Below, some lines carry pictures; leave those pictures out and retype exactly the lines from the one with "Xbox 360 Slim 320 GB + 2 Mandos" through the one with "lukeboyce33 online show from 03-19-25, 07:38".

Material for this task
==========

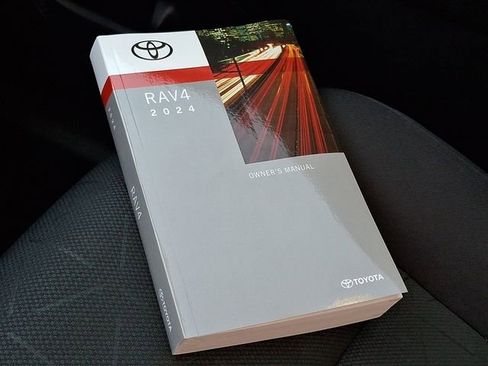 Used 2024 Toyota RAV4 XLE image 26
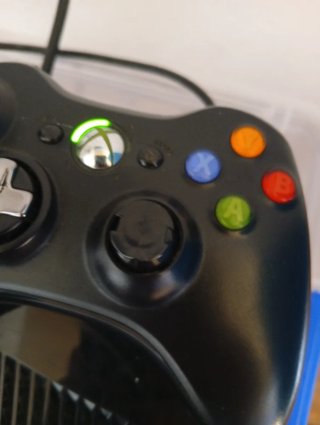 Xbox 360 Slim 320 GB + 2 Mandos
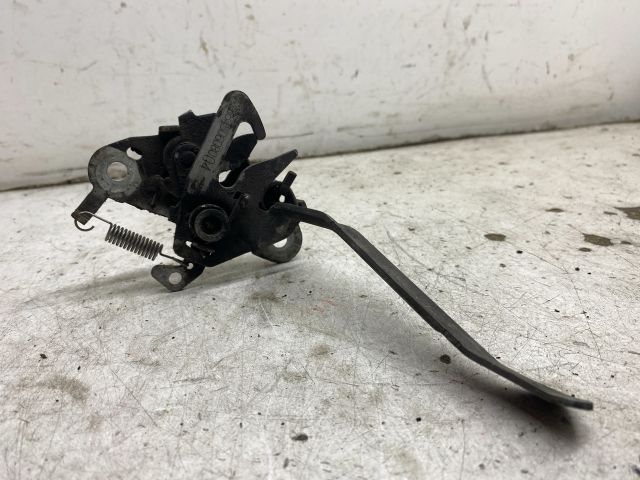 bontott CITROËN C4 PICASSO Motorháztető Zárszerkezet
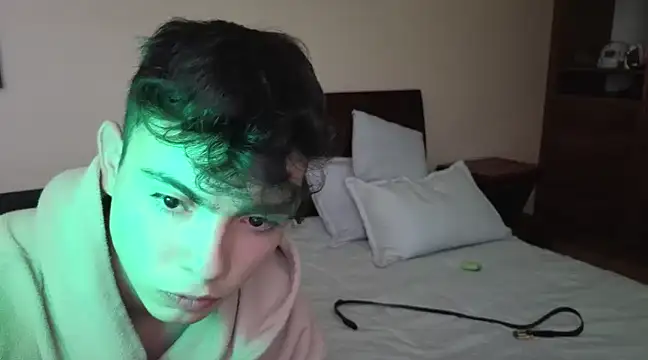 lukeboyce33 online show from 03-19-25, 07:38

==========

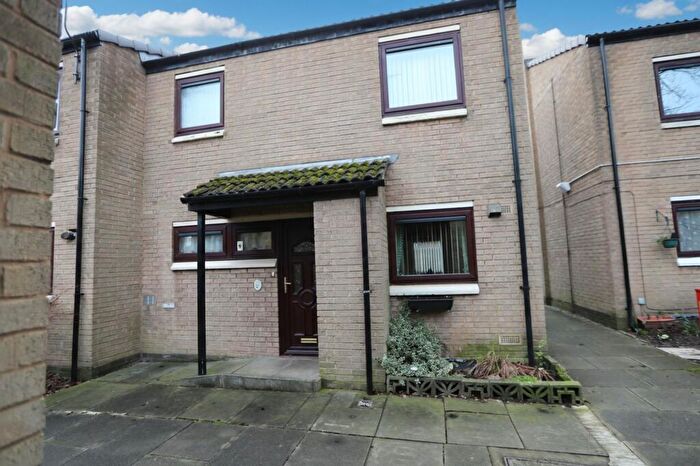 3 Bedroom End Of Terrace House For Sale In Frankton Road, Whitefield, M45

==========

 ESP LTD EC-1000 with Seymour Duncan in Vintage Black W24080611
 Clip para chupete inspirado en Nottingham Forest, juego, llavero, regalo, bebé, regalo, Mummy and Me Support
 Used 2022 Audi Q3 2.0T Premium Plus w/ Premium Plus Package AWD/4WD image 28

==========

Answer to this task
 Xbox 360 Slim 320 GB + 2 Mandos
 bontott CITROËN C4 PICASSO Motorháztető Zárszerkezet
 lukeboyce33 online show from 03-19-25, 07:38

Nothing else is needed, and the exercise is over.